W ubiegły weekend wpadła do mnie koleżanka. Pośmiałyśmy się, powspominałyśmy i ponarzekałyśmy sobie wspólnie jakie to jesteśmy wymęczone po całym tygodniu i że musimy w końcu wybrać się na ten weekend do spa co go planujemy już chyba od dwóch lat ;)
W końcu z obolałymi od śmiechu brzuchami jak co roku zaczęłyśmy rozplanowywać ostatnie dwa tygodnie do świąt. Kiedy sprzątanie, no bo przecież trzeba etapami aby przynajmniej pięć razy nie przydeptać sobie języka.
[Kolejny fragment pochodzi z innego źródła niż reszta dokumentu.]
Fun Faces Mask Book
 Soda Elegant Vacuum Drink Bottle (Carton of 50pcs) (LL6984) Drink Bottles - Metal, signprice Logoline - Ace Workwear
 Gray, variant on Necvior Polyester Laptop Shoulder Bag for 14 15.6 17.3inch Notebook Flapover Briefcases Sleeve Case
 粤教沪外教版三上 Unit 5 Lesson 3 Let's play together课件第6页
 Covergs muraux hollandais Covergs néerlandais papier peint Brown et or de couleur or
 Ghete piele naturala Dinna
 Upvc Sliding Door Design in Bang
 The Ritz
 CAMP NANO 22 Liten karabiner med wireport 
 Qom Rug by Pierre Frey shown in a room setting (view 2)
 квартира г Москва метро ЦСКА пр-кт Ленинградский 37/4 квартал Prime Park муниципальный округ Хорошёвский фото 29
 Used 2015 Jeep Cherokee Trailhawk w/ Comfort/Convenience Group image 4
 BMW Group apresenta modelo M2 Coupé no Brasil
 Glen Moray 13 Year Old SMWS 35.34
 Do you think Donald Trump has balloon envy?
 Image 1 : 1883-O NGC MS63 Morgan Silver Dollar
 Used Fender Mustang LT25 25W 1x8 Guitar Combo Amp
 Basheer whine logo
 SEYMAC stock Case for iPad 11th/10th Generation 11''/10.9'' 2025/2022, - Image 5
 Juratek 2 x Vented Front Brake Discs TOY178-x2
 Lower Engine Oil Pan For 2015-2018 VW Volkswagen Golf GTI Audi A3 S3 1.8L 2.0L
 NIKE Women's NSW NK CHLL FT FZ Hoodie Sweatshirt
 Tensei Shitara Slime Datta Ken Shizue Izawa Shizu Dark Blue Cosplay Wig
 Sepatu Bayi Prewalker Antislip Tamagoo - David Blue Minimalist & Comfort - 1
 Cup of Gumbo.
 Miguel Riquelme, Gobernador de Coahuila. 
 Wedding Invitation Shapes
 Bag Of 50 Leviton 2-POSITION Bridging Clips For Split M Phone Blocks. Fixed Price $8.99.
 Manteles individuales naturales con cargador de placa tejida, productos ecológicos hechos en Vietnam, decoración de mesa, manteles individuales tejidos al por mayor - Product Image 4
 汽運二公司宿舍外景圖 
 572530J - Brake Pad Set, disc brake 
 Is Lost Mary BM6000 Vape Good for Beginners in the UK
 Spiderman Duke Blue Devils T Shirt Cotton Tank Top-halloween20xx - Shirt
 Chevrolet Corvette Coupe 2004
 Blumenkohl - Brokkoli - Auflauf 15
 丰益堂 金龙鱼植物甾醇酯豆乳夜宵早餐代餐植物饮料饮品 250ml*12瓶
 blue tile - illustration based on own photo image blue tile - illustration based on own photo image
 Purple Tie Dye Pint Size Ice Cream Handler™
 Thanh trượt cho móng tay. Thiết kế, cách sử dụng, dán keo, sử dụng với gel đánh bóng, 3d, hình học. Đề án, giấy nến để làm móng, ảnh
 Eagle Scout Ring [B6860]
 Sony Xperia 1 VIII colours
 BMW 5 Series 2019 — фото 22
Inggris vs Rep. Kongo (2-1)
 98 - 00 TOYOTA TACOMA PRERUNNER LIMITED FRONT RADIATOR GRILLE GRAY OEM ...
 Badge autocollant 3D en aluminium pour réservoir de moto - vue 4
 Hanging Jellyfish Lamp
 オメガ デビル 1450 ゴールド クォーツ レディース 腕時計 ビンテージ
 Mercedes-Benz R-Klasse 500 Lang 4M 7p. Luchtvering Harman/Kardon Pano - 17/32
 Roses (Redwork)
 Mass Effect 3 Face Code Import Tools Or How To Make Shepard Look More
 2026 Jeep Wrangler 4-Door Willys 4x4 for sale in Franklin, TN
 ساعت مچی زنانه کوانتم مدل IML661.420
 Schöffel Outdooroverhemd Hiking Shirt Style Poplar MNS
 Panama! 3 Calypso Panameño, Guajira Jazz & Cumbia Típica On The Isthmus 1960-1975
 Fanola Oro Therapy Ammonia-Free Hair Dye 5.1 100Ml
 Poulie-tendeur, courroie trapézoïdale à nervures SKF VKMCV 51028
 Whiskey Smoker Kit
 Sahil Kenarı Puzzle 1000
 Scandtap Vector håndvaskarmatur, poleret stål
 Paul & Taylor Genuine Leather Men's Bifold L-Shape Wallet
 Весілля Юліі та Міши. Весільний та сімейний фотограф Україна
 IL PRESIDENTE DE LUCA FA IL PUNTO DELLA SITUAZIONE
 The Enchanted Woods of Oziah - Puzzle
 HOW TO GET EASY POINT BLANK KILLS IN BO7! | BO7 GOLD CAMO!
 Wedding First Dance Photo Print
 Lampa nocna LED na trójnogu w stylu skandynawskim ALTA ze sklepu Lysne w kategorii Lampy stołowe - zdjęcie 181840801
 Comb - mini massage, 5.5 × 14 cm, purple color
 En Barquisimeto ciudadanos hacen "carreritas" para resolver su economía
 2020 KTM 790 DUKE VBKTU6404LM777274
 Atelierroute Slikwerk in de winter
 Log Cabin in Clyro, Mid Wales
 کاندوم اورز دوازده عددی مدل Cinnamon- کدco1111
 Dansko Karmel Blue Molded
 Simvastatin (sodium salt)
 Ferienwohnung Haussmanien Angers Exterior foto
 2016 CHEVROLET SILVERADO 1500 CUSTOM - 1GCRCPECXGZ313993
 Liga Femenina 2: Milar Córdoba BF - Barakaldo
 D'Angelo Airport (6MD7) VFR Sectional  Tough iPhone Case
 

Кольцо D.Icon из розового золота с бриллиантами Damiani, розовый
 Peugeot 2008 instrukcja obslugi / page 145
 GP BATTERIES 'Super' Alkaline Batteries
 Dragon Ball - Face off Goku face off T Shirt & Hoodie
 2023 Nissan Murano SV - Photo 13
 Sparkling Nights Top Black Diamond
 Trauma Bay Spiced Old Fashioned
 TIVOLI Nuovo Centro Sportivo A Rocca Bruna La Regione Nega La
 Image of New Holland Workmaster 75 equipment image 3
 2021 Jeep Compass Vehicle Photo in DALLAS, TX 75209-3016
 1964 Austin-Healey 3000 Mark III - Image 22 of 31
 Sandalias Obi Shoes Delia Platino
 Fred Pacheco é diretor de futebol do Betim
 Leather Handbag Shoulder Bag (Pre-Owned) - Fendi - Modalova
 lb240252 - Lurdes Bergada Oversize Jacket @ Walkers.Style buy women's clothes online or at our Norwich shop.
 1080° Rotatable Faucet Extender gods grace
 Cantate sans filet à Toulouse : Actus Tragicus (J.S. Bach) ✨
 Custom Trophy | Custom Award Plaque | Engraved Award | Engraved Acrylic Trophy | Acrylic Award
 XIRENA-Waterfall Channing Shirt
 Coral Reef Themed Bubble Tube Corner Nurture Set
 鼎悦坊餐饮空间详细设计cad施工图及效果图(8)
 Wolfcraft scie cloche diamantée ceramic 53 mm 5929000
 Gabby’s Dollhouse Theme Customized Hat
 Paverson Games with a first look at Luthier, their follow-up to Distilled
Kiedy wybierzemy się na zakupy aby kupić ostatnie prezenty kiedy ilość pracy zawodowej nie pozostawia złudzeń że tego czasu jak na lekarstwo. No i w końcu kiedy pakowanie, gotowanie, pieczenie, szykowanie, ubieranie choinki, dekorowanie domu i cały ten coroczny rozgardiasz.
I w tym momencie nastała cisza. Koleżanka spojrzała na mnie jakby zawstydzonym wzrokiem i zakomunikowała że w tym roku odważyła się na coś, o czym rozmawiamy od dobrych kilku lat, ale do tej pory żadna nie miała dowagi na taki krok. Święta na wyjeździe. Wybrali Mazury. Sami, tylko z dziećmi i psem. W pierwszym momencie zatkało mnie i nie wiedziałam co powiedzieć. Ale jako to? Zdecydowałaś się? Co na to rodzice? Rodzina? Później myślę sobie, fajnie, spakują się, pojadą na gotowe, bez bałaganu w kuchni, szykowania, igieł na dywanie, bez bolących kolan i kręgosłupa. W pełnym relaksie. Będzie klimatycznie i magicznie. Ale po chwili zaczęło do mnie docierać że przecież spędzą Wigilię i Święta z zupełnie obcymi sobie ludźmi, a po wieczerzy wigilijnej pójdą do obcego, bezosobowego hotelowego pokoju.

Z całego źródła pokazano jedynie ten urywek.